When an alert fires and "where do I start?" becomes an ad hoc decision every time, response slows down. This guide walks the incident responder through a single, consistent flow — detection, mitigation, postmortem — and maps each step to the WhaTap menus to use.

Who this guide is for
  • Engineers currently on-call or preparing to take on-call duties
  • Leads or SREs who want to establish an incident response playbook for the team
  • Teammates who "get the alerts but aren't sure what to look at next"

Prerequisites

These three Quick Wins must be in place for real operations:

The five steps

① Detect  →  ② Scope  →  ③ Root cause

④ Mitigate → ⑤ Postmortem

① Detect — Validate the alert

Goal: within 1 minute, decide whether the alert is a real anomaly.

  1. From the Slack/Email/SMS/mobile notification, check:
    • Level (Critical / Warning)
    • Project and agent name
    • Which event rule triggered (e.g., "CPU usage threshold exceeded")
  2. Click the deep link in the notification to jump straight into the WhaTap screen.
Filtering out false positives

For frequent false positives like short spikes, raise the event rule's duration condition (e.g., 1 min → 5 min). Leaving repeat false positives unattended erodes team trust in alerts.

② Scope — How far did it spread?

Goal: within 2 minutes, identify how many agents, services, and transactions are affected.

Menus used: Application dashboard or the team's Flexboard.

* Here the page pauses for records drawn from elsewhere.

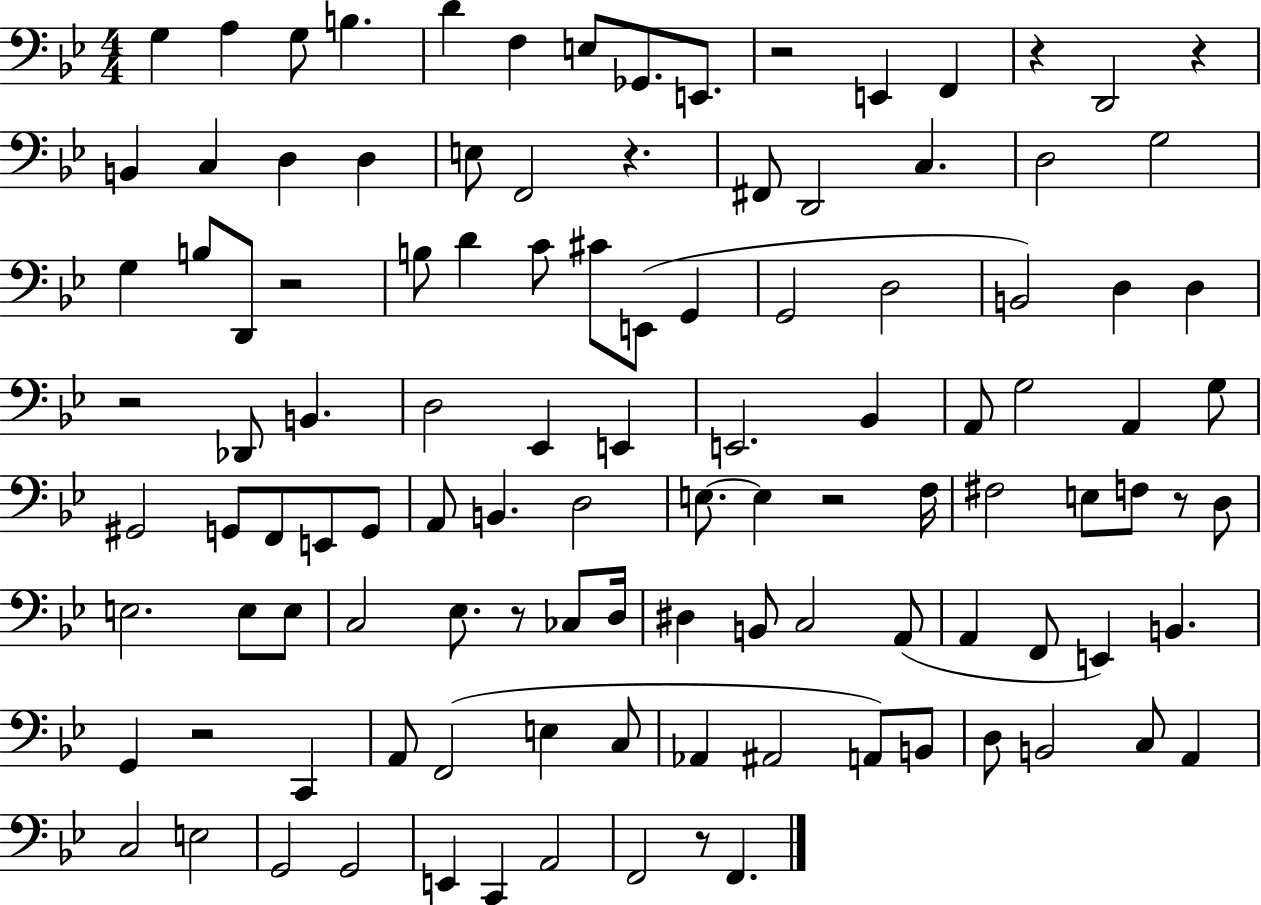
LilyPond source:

{
  \clef bass
  \numericTimeSignature
  \time 4/4
  \key bes \major
  g4 a4 g8 b4. | d'4 f4 e8 ges,8. e,8. | r2 e,4 f,4 | r4 d,2 r4 | \break b,4 c4 d4 d4 | e8 f,2 r4. | fis,8 d,2 c4. | d2 g2 | \break g4 b8 d,8 r2 | b8 d'4 c'8 cis'8 e,8( g,4 | g,2 d2 | b,2) d4 d4 | \break r2 des,8 b,4. | d2 ees,4 e,4 | e,2. bes,4 | a,8 g2 a,4 g8 | \break gis,2 g,8 f,8 e,8 g,8 | a,8 b,4. d2 | e8.~~ e4 r2 f16 | fis2 e8 f8 r8 d8 | \break e2. e8 e8 | c2 ees8. r8 ces8 d16 | dis4 b,8 c2 a,8( | a,4 f,8 e,4) b,4. | \break g,4 r2 c,4 | a,8 f,2( e4 c8 | aes,4 ais,2 a,8) b,8 | d8 b,2 c8 a,4 | \break c2 e2 | g,2 g,2 | e,4 c,4 a,2 | f,2 r8 f,4. | \break \bar "|."
}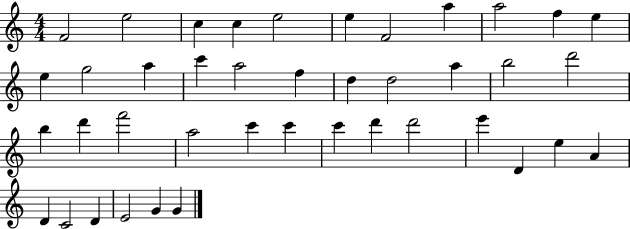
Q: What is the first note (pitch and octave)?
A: F4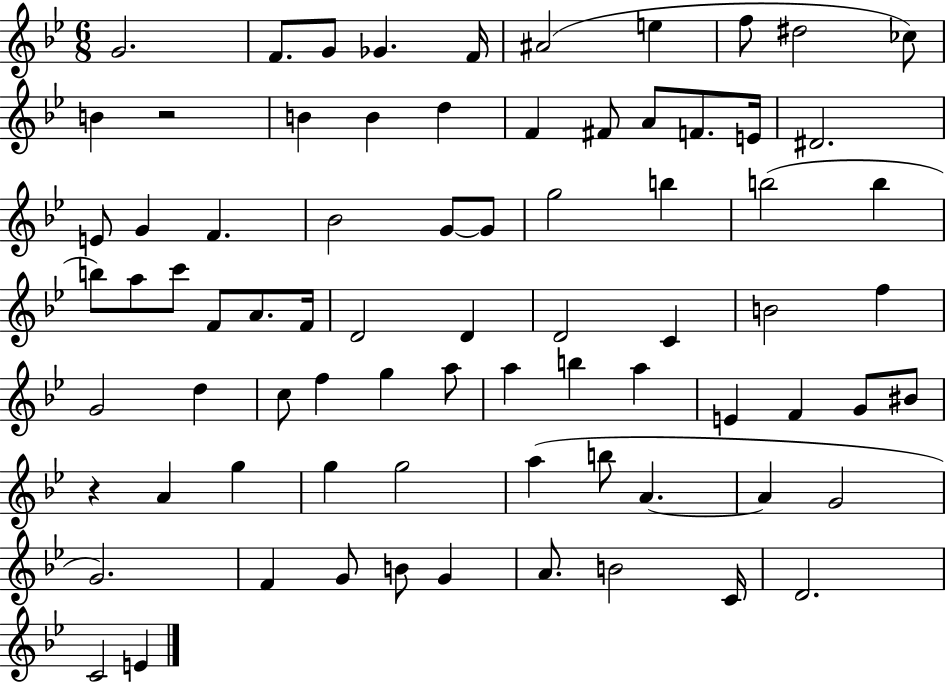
G4/h. F4/e. G4/e Gb4/q. F4/s A#4/h E5/q F5/e D#5/h CES5/e B4/q R/h B4/q B4/q D5/q F4/q F#4/e A4/e F4/e. E4/s D#4/h. E4/e G4/q F4/q. Bb4/h G4/e G4/e G5/h B5/q B5/h B5/q B5/e A5/e C6/e F4/e A4/e. F4/s D4/h D4/q D4/h C4/q B4/h F5/q G4/h D5/q C5/e F5/q G5/q A5/e A5/q B5/q A5/q E4/q F4/q G4/e BIS4/e R/q A4/q G5/q G5/q G5/h A5/q B5/e A4/q. A4/q G4/h G4/h. F4/q G4/e B4/e G4/q A4/e. B4/h C4/s D4/h. C4/h E4/q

  1. On the Application dashboard, check at a glance:
    • Did Apdex drop sharply?
    • Is TPS abnormally low or high?
    • Did average response time spike?
    • Any increase in error rate?
  2. If multiple agents are affected together, it's more likely an infrastructure or dependency issue (DB, network, etc.).
  3. If only one agent is affected, it's more likely a node/instance-level issue.
Outage vs. deploy

Check whether a recent deploy happened. If the anomaly started right after a deploy, a rollback is often the fastest mitigation.

③ Root cause — Where did it slow down?

Goal: identify which layer (code / SQL / external call / resource) is the culprit.

Menus used: Hitmap transactionsTransaction trace → (if needed) Active stack.

  1. In Hitmap transactions, drag-select clusters of points in the slow window.
    • Read patterns from color and position first: slow only at a specific time, or slow overall?
  2. Click the slowest of the selected transactions → open Transaction trace.
    • Call relations: which method/SQL/HTTP call consumes time?
    • Stack samples: where in the code did it wait?
  3. If DB is suspected → check DB connection state and Slow SQL together.
  4. If GC/memory is suspected → check heap memory and active stack.
  5. If thread deadlock/blocking is suspected → open Thread list & dump in Instance Performance Management (Using Instance Performance Management).

Shorten with AI analysis

When interpreting traces and stacks manually takes too long, WhaTap's AI features can get you to a first hypothesis quickly.

  • AI active stack analysis — on the Active stack screen, select a suspect stack and AI summarizes the bottleneck and wait cause in natural language. Even without reading thread dumps, you learn "which thread is stuck where." Especially useful for distinguishing GC / lock / I/O waits.
  • AI browser error stack analysis — in frontend error tracking, AI interprets error stacks and suggests code-level causes and fix directions.
  • WhaTap AI Chatbot / MCP — ask in natural language ("Is this DB connection pool value within normal range?", "How do I respond when this metric spikes?") and get answers grounded in docs, guides, and similar cases (beta, Korean-supported).
Note

Treat AI output as a first hypothesis. Final judgment must cross-check actual traces, stacks, and logs. In particular, AI doesn't know the business context (recent deploys, traffic events).

Related deep dives:

When one trace isn't enough

A single trace is a "case." To confirm a pattern, compare multiple traces from the same time window. If one trace's characteristics show up in others, it's a common cause; otherwise it's an individual issue.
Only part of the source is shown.